Friday, May 17, 2013

New Blog Site

Sorry Blogger, I'm leaving you. Now don't cry! It's not me, it's you. You're just too simple. I need a website with a few more options and a bit more bling to catalog my simple life. (Irony is the bread of life.) Please don't take this personally. You still have lots of other users.

If you feel like stalking me, please do so at http://jennygranola.wordpress.com

Take care now!
Jenny

Simple Food

Why does every meal have to be so frigging complicated? Why is dinner such a pain in the behind -Every. Single. Night ??

Is your house like this? From 4pm till 8pm complete and utter chaos?

I have no idea who these people are or what they are doing, but this is what my house looks like most nights.


Even when we got rid of our extra curricular activities in an attempt to simplify our evenings and restore some sort of peace to our home while finishing a dump truck load of homework, dinner time was still a complete mosh pit.

I guess that's because kids are required to mostly sit still and be quiet for all but 20 min of their day, unless they happen to have PE for their special. Who wouldn't want to come home and run and shout and throw apples at each other?  (True story.)

But even on days like Saturday when we complete a few chores, maybe do something fun and lay around, for some reason my stress levels spike past the moon when it's 4pm. No one is screaming, no one is throwing apples, but it's time to cook. I am the sole person responsible for feeding five other human beings a healthy, nutricious, balanced meal that they will LIKE. Because if I force it down their throats and accidentally poke them with the fork then they have grounds for joining the foster system and none of us want that.

So I resolved to make dinner a simple time of night. Breakfast is simple, most mornings, at our house. Everyone just gets toast or cereal or oatmeal for themselves. If they want something more they can ask me and I'll make them eggs or bacon, it's just really laid back. So I thought, why can't dinner be like that?

My favorite dinner times are when we have breakfast for dinner. I thought about making spaghetti for breakfast, but that just made me kind of sick. I decided that the reason breakfast is so easy going is that there is no pressure on me to find something to feed everyone that they will all love and sing praises to.
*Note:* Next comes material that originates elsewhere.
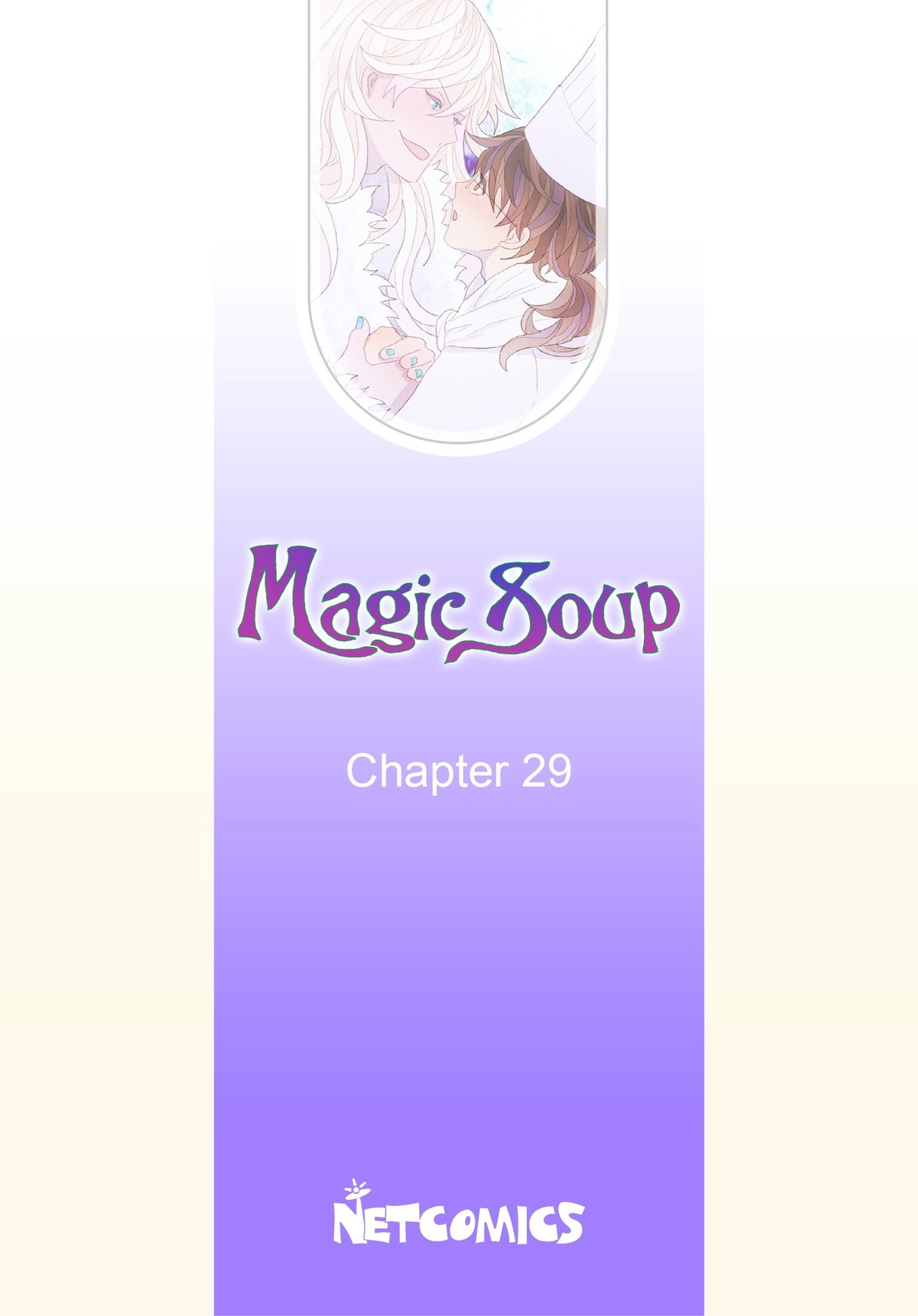 Read Magic Soup chapter 29 image 1 on Lezhin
SOLUTION #1 - Let the kids take turns picking out what's for dinner.

This worked pretty well for a while. Everyone had their own night and we made the meal plans ahead of time and the kids were excited when their night came around. I let them be the special helper and told everyone else to stuff it if they didn't like what we were having.

But really, who is this organized ALL THE TIME? Not this mommy.

SOLUTION #2 - Let them eat whatever they can find.

I found this to be a VERY nice change as I didn't have to do ANYTHING for dinner. One time I even sat and read a magazine while the kids raided the pantry and fridge. The problem: clean up. Even though I have my kids help me clean up the kitchen after meals, this was epic. We only did it a couple of times, but for some reason breakfast foods are much easier to clean up than dinner foods. Hmmm.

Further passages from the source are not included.